Solar racing cars are highly specialised machines, designed specifically to carry a single person along a highway as efficiently as possible, using energy from sunlight.

There are important trade-offs between performance and practicality:

  • Solar cars must be as light as possible, to minimise the rolling resistance of the tyres. A good solar car will weight about 150 kilograms, compared to 1,500 kilograms for a typical passenger car.

  • Solar cars do not have comfortable, adjustable seats, interior trim, sound-deadening material, entertainment systems, or air conditioning.

They are built using expensive low-mass materials, including carbon fibre and titanium.

World Solar Challenge
  • Solar cars must have low aerodynamic drag. The shape of the car is designed for efficiency rather than for the comfort of the driver.

The driver is typically seated on the floor of the solar car body, in the centre or towards the rear of the solar panel. The driver’s head is usually enclosed in a bubble not much larger than their motorcycle helmet.

The driving position is cramped. Getting in and out of a solar car usually requires the driver to climb through a small opening.

  • Solar cars use expensive photovolatic cells, to get as much power as possible from the allowable collector area.

High-efficiency photovoltaic cells, with efficiencies greater than 22%, can cost hundreds of thousands, or even millions, of dollars. The need for a large, flat solar collector means solar cars are typically longer and wider than conventional cars.

  • Solar cars use expensive lithium ion or lithium ion polymer batteries, to maximise energy storage efficiency and capacity.

  • Most solar cars carry only one person.

Solar cars are designed for efficiency rather than practicality, and use less than one tenth of the energy of a modern electric car.

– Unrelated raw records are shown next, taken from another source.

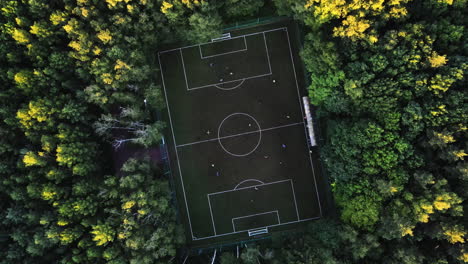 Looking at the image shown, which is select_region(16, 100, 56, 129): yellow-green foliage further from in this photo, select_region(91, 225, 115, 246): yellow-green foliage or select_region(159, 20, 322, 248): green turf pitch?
Result: select_region(159, 20, 322, 248): green turf pitch

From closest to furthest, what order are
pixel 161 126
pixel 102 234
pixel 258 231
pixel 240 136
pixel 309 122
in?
1. pixel 102 234
2. pixel 161 126
3. pixel 309 122
4. pixel 258 231
5. pixel 240 136

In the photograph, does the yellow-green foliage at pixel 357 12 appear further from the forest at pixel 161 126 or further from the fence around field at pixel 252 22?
the fence around field at pixel 252 22

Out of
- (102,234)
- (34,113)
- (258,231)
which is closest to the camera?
(102,234)

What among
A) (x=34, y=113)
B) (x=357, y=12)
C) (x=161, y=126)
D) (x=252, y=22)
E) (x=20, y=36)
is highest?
(x=20, y=36)

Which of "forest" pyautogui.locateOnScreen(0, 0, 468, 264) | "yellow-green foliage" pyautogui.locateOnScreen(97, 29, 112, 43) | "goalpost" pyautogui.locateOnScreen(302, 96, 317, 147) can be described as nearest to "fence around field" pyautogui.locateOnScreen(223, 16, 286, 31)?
"forest" pyautogui.locateOnScreen(0, 0, 468, 264)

If you wanted to drive a conventional car 700 kilometres in a day, powered by sunlight, then you would need 60 square metres of collector rather than six.

Unless you want to drive a car that’s 40 metres long, it’s not going to happen.

Despite the differences between solar racing cars and more practical conventional cars, the technology developed for solar racing is playing, and will continue to play, an important role in developing more efficient vehicles:

  • The low-mass materials and construction techniques used for solar cars can be used to build low-mass practical vehicles that will use considerably less energy than conventional cars.

  • Principles of aerodynamic-drag-reduction used in solar cars can be applied to conventional cars, and will be increasingly important as vehicle mass is reduced.

  • Motors designed specifically for solar cars have peak efficiencies greater than 98%. The same techniques can be used to design more efficient motors for electric vehicles and for other applications.

  • The highly-efficient motor controllers and photovoltaic panel controllers developed for solar cars can be applied to more practical electric vehicles and to general photovoltaic systems.

  • The World Solar Challenge remains an important test bed for efficient battery configurations and battery management systems.

But most importantly the students, engineers and enthusiasts who design, build and operate solar cars gain a deep understanding of the importance of energy efficiency and how it can be achieved.

These are the people who will shape our future.